● Work request:
Give the number of lines in the data that contain "with", and nothing more.

#### Given information

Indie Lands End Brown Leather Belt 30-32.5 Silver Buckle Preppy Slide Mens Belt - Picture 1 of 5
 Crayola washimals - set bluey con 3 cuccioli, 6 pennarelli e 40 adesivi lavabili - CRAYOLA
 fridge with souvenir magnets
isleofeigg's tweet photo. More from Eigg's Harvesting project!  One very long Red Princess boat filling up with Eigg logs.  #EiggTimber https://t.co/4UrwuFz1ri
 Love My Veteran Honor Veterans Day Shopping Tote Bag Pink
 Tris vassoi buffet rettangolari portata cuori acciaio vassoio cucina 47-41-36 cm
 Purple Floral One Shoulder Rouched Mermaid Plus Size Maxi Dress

########

● Expected answer:
2